● **REQUIRED WORK**
Below is a block of records. Copy every line in it that contains the word "Shirt".

● **Web page caption snippets**
━━━━
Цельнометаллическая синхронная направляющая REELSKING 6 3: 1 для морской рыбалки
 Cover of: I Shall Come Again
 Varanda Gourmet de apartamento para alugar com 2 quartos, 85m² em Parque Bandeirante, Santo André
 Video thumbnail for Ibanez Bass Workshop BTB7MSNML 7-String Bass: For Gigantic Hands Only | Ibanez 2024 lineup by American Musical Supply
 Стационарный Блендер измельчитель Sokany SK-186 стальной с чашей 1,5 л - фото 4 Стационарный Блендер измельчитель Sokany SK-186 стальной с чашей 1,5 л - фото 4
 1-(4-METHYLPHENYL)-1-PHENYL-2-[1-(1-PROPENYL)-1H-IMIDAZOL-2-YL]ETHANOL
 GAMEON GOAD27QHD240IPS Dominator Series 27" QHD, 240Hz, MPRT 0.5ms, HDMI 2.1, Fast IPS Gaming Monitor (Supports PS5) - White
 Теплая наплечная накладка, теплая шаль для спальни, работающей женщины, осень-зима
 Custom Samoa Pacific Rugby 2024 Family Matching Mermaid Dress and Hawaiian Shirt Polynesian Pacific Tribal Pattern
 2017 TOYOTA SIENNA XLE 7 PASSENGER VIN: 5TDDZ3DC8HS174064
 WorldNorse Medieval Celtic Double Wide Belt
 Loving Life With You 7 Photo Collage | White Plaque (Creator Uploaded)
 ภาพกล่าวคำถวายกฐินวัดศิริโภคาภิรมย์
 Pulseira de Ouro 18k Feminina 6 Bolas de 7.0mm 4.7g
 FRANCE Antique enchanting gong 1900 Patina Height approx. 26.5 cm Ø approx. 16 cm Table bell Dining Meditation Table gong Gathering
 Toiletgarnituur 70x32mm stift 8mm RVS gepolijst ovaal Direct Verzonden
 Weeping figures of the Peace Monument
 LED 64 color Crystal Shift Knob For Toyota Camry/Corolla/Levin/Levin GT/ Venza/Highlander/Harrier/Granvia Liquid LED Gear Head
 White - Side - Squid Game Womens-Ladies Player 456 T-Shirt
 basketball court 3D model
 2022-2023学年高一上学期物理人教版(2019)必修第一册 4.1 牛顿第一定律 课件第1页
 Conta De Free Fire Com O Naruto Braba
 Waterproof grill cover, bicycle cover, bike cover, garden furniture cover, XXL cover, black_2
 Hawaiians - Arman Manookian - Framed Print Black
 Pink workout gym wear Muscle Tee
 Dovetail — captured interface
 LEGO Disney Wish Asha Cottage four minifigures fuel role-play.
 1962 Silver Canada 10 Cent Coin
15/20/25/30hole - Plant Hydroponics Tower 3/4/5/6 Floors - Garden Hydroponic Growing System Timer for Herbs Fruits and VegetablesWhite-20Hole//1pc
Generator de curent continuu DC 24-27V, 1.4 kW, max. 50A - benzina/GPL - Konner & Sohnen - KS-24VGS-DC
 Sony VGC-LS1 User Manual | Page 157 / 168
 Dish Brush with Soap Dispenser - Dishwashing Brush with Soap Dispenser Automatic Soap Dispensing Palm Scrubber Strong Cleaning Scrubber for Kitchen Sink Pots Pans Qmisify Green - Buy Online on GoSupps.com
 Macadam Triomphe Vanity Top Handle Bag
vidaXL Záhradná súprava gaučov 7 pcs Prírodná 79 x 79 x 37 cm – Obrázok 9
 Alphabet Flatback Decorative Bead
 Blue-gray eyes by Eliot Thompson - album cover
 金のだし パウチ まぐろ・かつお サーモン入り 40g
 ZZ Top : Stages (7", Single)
━━━━
● **ANSWER TO THE EXERCISE**
 Custom Samoa Pacific Rugby 2024 Family Matching Mermaid Dress and Hawaiian Shirt Polynesian Pacific Tribal Pattern
 White - Side - Squid Game Womens-Ladies Player 456 T-Shirt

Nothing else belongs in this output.